Le concept de la campagne de sensibilisation est simple. Un visage d'enfant ou d'adulte figure sur un large panneau blanc. Quand il pleut, un senseur actionne un système de pompes. Résultat: du colorant alimentaire rouge sort du panneau et ruisselle le long du visage de la victime.

«C'était une publicité simple d'un point de vue technologique, mais très efficace», estime Mark Baker, conseiller en communications du conseil du district de Papakura, joint en Nouvelle-Zélande.

Les résultats ont en effet dépassé toutes les attentes. Pendant les deux mois de la campagne, aucun accident n'a été signalé sur les trois autoroutes où les panneaux ont été érigés, alors que sur l'une de celles-ci, on y comptait en moyenne un accident par semaine au printemps. Mieux, la vitesse moyenne des automobilistes a baissé de 7 km/h.

«Certains l'ont détestée, d'autres l'ont adorée, mais une chose est sûre, la publicité n'a laissé personne indifférent», assure Mark Baker.

Les autorités du conseil de Papakura songent sérieusement à réitérer l'expérience l'année prochaine, si leur budget le permet. Et ils ne sont pas les seuls. L'agence de publicité Colenso BBDO, qui a conçu la campagne, est en discussion avec l'Irlande pour exporter le concept.

Les Québécois y auront-ils droit, un jour? Gino Desrosiers, porte-parole de la Société de l'assurance automobile du Québec (SAAQ), souligne que ce genre de publicité ne correspond pas au ton adopté par l'organisme gouvernemental cette année.

«On travaille davantage sur les comportements que sur les conséquences des accidents», souligne M. Desrosiers qui, personnellement, trouve le panneau-réclame «très frappant».

De toute façon, les lois québécoises sur l'affichage ne permettraient pas un tel concept, souligne Roger Tremblay, publicitaire pigiste. Il est en effet interdit de mettre des pièces mobiles sur les panneaux, puisque cela pourrait distraire l'automobiliste.

C'est d'ailleurs le premier reproche que formule M. Tremblay à la campagne néo-zélandaise. «Personnellement, je freinerais si je voyais un tel panneau-réclame, et ça serait imprudent. C'est justement ce que la publicité souhaite éviter», note-t-il.
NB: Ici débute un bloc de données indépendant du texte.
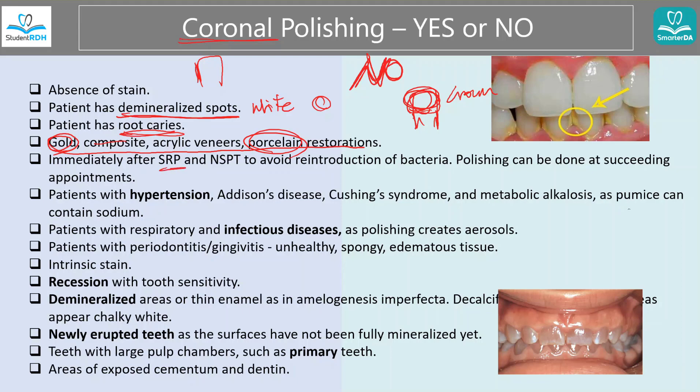You also say no right after an SRP or NSPT — after what we call a deep cleaning — because we don't want to introduce bacteria back inside. Things are a little weak already; the gums are a little softer. Also, for patients with hypertension or other diseases: the pumice can contain sodium, and sodium is going to make the disease worse. Please look at the chart and make sure you use a pumice that does not contain sodium.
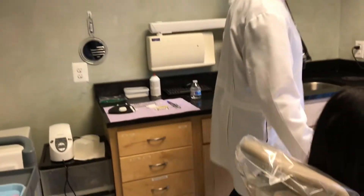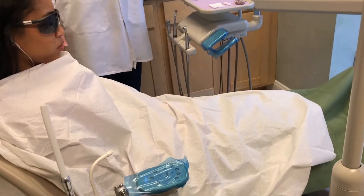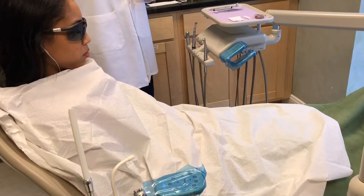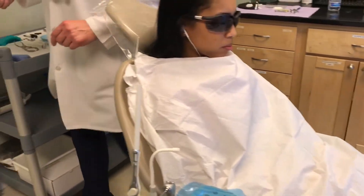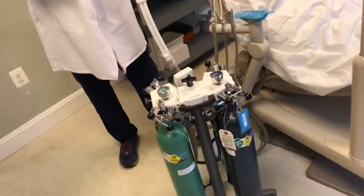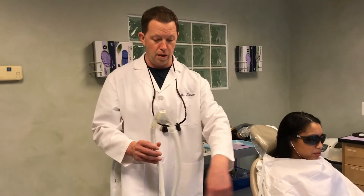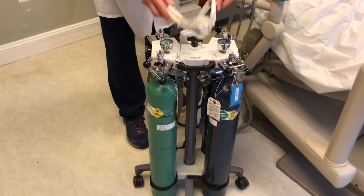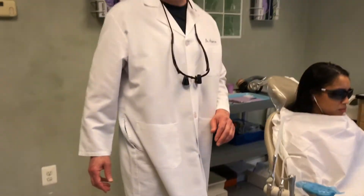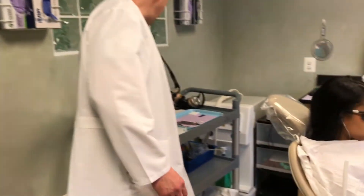Now let's talk about our basic setup to protect ourselves and the patient. All this material is thrown away when we're done with the procedure. We have a full barrier for the patient — they wear glasses to protect their eyes, and then we have an oxygen source that goes over top of the patient's nose so they get fresh, pure oxygen. We also have nitrous oxide, which is very helpful to keep patients comfortable while taking the amalgam fillings out, so they're focused on healing and not fighting our procedure.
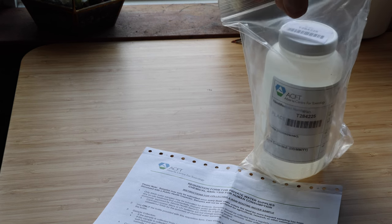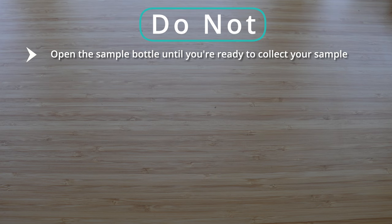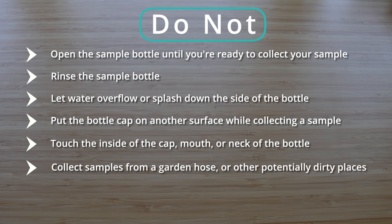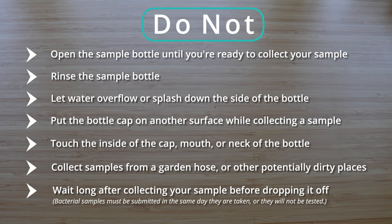Before you go, here are some important notes to follow throughout this process. Do not: open the sample bottle until you're ready to collect your sample; rinse the sample bottle; let water overflow or splash down the side of the bottle; put the bottle cap on another surface or touch the inside of the cap, mouth, or neck of the bottle; collect samples from a garden hose or other places that might be dirty; or wait long after collecting your sample before dropping it off — bacterial samples won't even be analyzed if they're not submitted the same day they are taken.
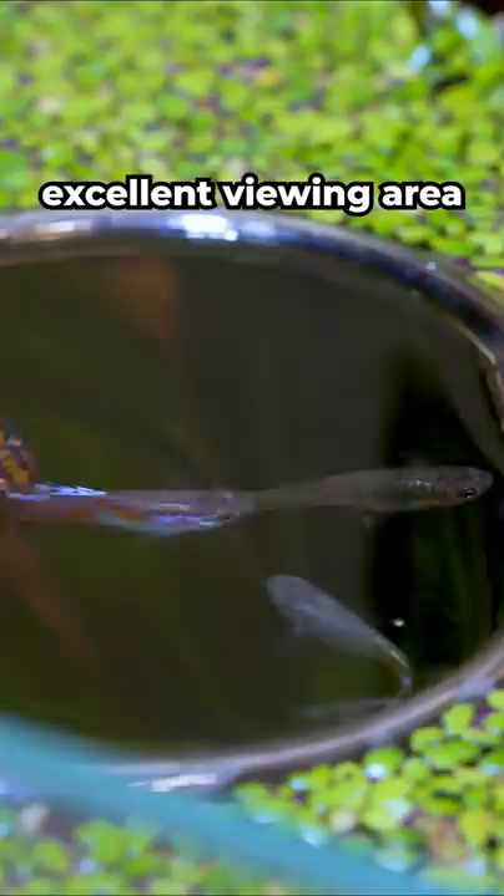These are bloodworms. They're a great high protein snack and my fish love them. Be sure to follow for more.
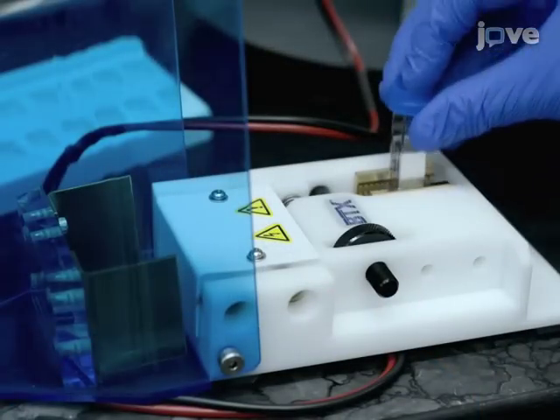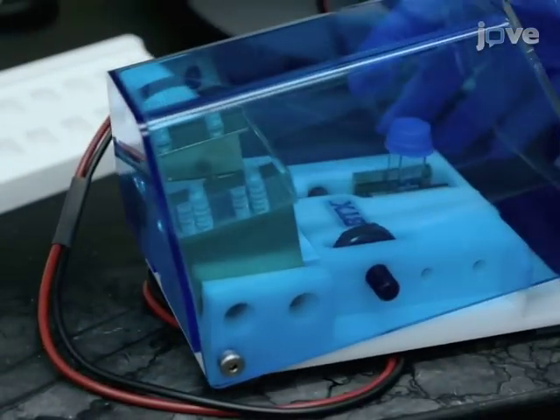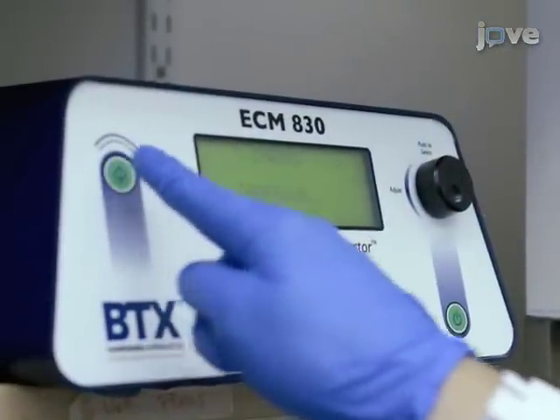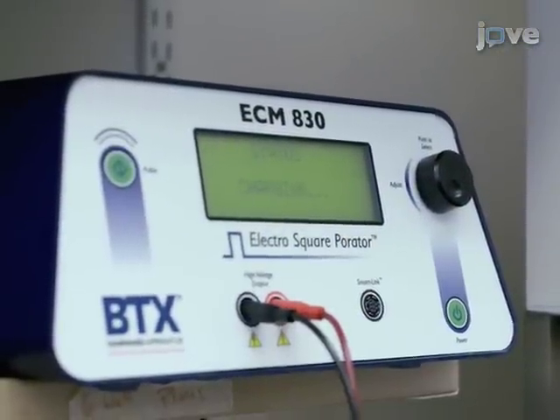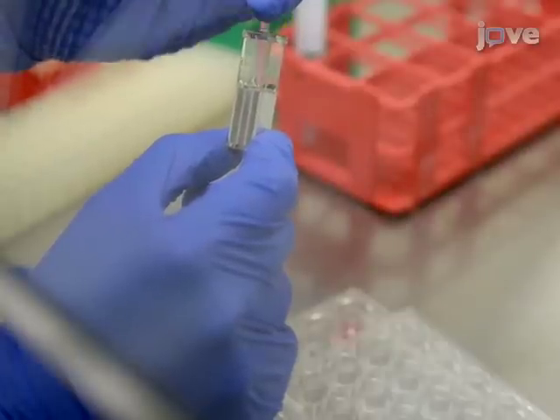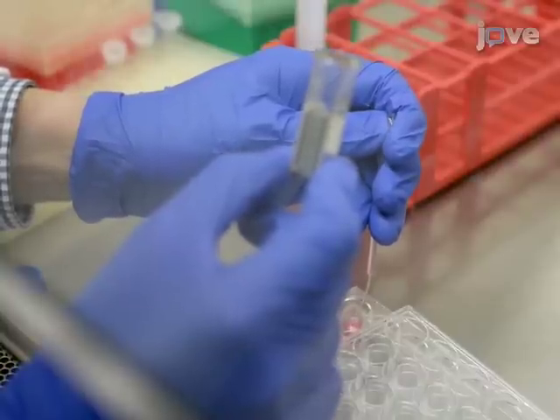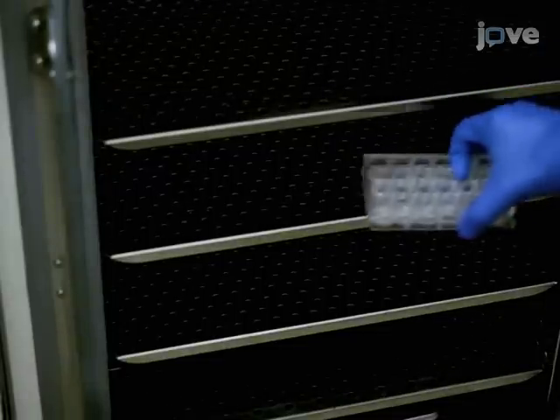Using an electroporation system, electroporate the cells with 250 volts for five milliseconds in a two millimeter cuvette. With a sterile transfer pipette, immediately transfer the solution to one milliliter of pre-warmed culture media. Incubate the cells at 30 degrees Celsius for 24 to 72 hours.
Roger Tremblay doute également que la campagne néo-zélandaise atteigne son objectif. Et le publiciste s'y connaît dans le domaine: il a conçu la première publicité-choc de la SAAQ, «La vitesse tue», diffusée pour la première fois en 1993. On y voyait un jeune homme envahi par la culpabilité après avoir causé la mort de sa blonde (Marie-Josée Croze) dans un accident dû à un excès de vitesse.

«Les publicités pour contrer la vitesse au volant s'adressent aux conducteurs intrépides et récalcitrants, aux têtes de cochon de 18 à 30 ans. Et pour les brasser, il faut absolument qu'ils se reconnaissent dans le personnage à l'écran», estime M. Tremblay.

«Un visage d'enfant qui saigne... C'est esthétique, intéressant, mais efficace? J'en doute», conclut-il.